- _WHAT THE TASK ASKS_
For this exercise, copy exactly the lines below from the one with "A168A Kenya Custom" through the one with "GALINER Leather Cigar" and leave out the pictures.

──────── EXERCISE DATA

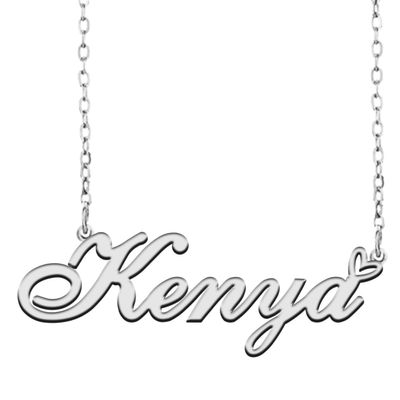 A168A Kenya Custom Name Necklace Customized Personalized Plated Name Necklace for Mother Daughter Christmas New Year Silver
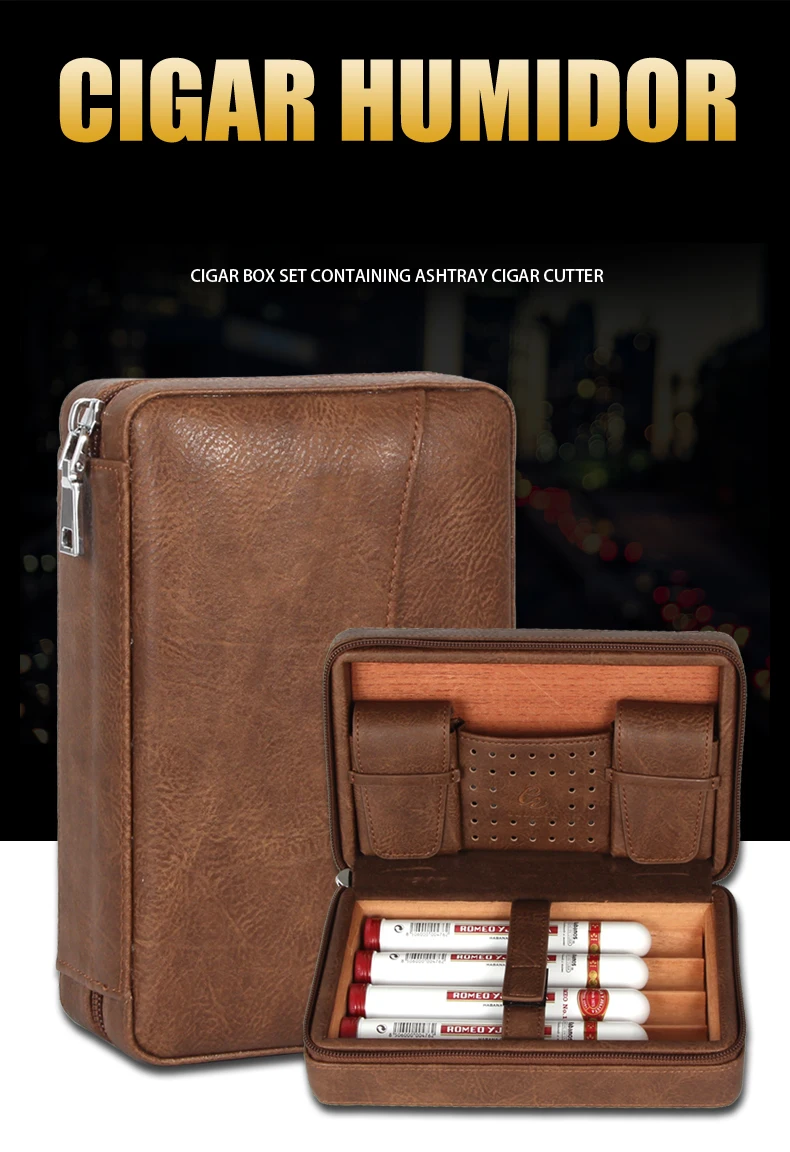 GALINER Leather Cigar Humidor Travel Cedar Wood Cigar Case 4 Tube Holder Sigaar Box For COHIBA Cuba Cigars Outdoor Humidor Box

────────────────
──────── EXERCISE DATA

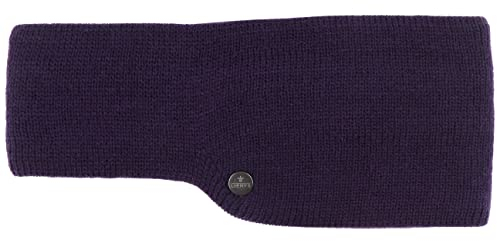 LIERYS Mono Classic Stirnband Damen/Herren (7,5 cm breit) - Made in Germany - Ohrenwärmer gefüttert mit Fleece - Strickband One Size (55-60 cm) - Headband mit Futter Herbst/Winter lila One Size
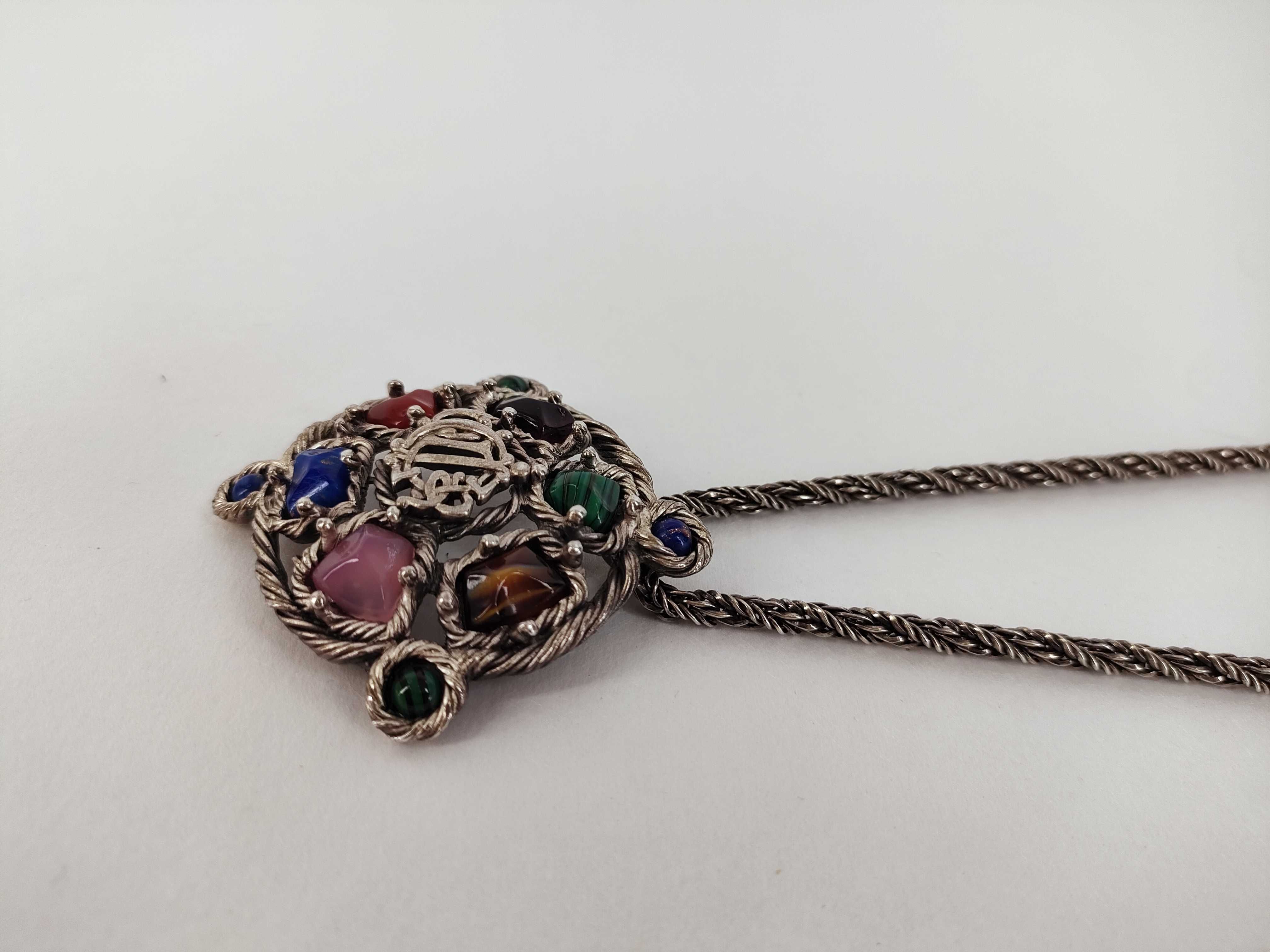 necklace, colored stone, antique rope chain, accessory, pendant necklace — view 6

────────────────

- _RESPONSE TO THIS TASK_
 A168A Kenya Custom Name Necklace Customized Personalized Plated Name Necklace for Mother Daughter Christmas New Year Silver
 GALINER Leather Cigar Humidor Travel Cedar Wood Cigar Case 4 Tube Holder Sigaar Box For COHIBA Cuba Cigars Outdoor Humidor Box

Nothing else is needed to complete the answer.